A MEMENTO MORI EMERGES
“For most artists, the monumental piece would be the culmination of a series but for him it’s the first place he goes,” Langston explains moving onto one of the two paintings, a key piece in the exhibition. She explains that Johns scales up the original mirrored study, including the stamp that appears on the right-hand-corner, leaving the printer-enlargement instructions in the opposite corner.
With the left-side now slightly cropped and washed over with grey, the spaces left by the gashes in the original photograph together transform into a central character. It's spooky—the absence of the photograph comes to form a presence in the painting. And, above, a looming skull emerges in the middle of the composition. Langston reports, however, that some visitors see other images in the middle form: a dog with sunglasses, an exoskeleton of a beetle, and a tombstone. When Langston herself first saw the jpegs, she remembers thinking it was the end of the bed fame—a rather cubist interpretation.

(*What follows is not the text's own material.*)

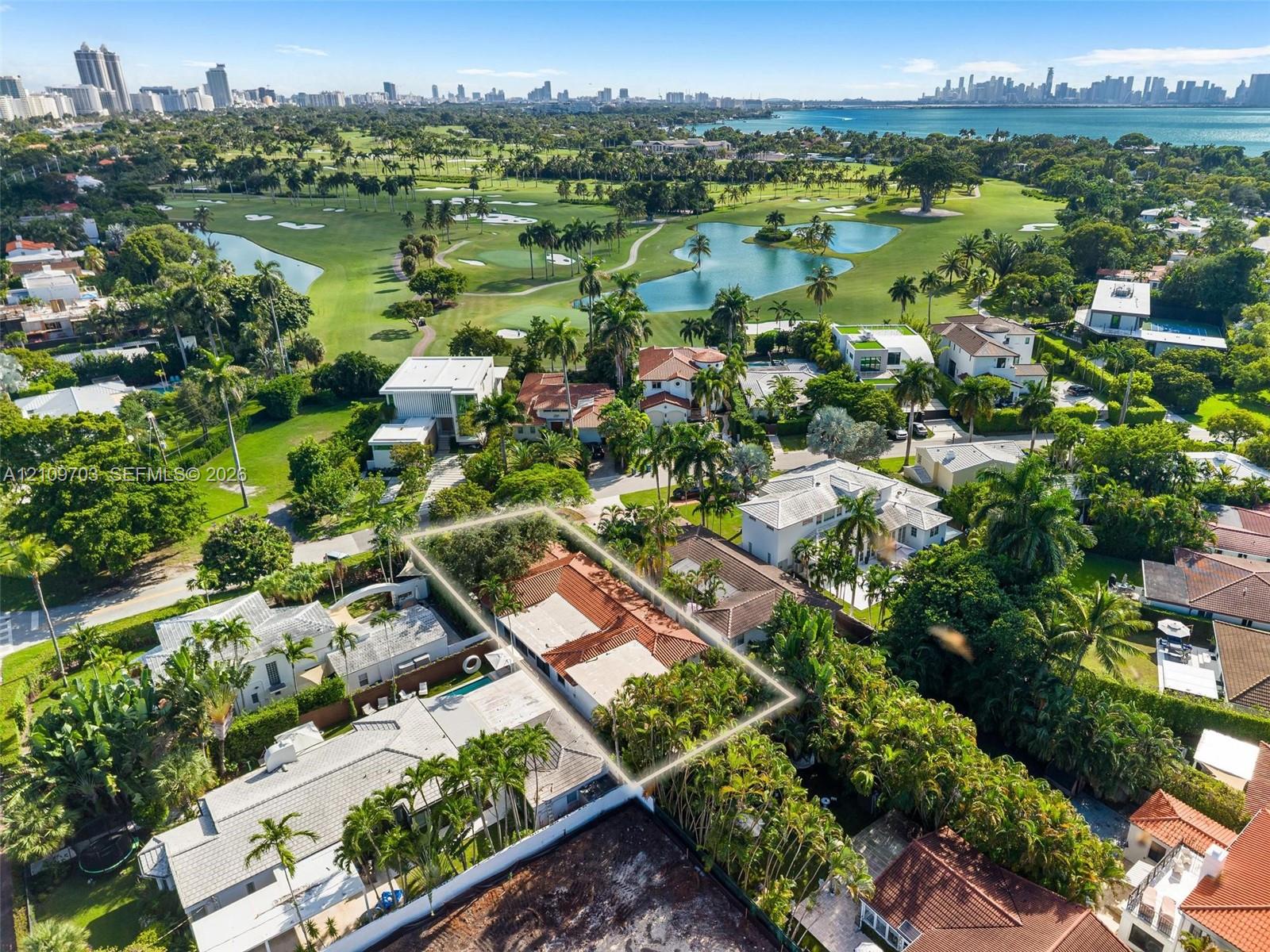 Aerial perspective highlighting a property with a clay tile roof, mature perimeter landscaping, and proximity to a golf course, water bodies, and coastal city skyline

Is it a Rorschach test? “Well, if you want to go there, Lucian Freud is Freud’s grandson,” Langston replies with a laugh. But of course, Johns would dismiss such explicit readings, she adds.
PUSHING TO ABSTRACTION
Simultaneously, Johns worked across medium, and in this above work, pushes the imagery to almost total abstraction. The most distinctly un-Johns-like composition, the watercolor figure is almost lost entirely underneath the layer of charcoal and pastel executed on thick, ridged paper. Over this same time period, the artist also made a series of states, and on display nearby are two printing plates. “You have to appreciate that he is plotting out the mirroring’s of the plates, which are mirrors themselves,” Langston says.
DILUTING THE IMAGE
In the 1960s, Johns discovered some sheets of plastic in an arts supply store in South Carolina, where he lived before New York, and started to draw on them with diluted ink. Johns returns to the makeshift medium with his new work, seen above in the agate-like effect. “The ink process is the perfect marriage of chance and control, which is the driving force in his work,” Langston says of the ink that pools and dries unpredictably on the nonabsorbent surface. In this stunning series of ink on plastic, the light appears to passing across the room, as if daylight were waning.
MAPS AND MOTLEY
“He’s looking at problems that arise in one work, finding solutions, bringing that to ensuing works, and then going back,” Langston summarizes. This late oil painting was originally rendered in bright orange, blue, and green tones, according to the curators who have photos of it in earlier stages in the studio. But John has gone back to obscure its luminosity, much like in an earlier watercolor, pastel, and charcoal work. The figure also harkens back to previous work, but from a different series—his famous maps. Indeed, the agonized sitter looks like the states along the eastern United States, and the central lower shape appears especially tombstone-like rendered in a textured cross-hatch. The color scheme also evokes the colorful attire of a count jester.
And now too a small panel appears on the iron bed railing. Is it a floating window? A painting inside a painting? Or perhaps, it is an escape, a hatch for the figure to exit through, out of the remorseful atmosphere.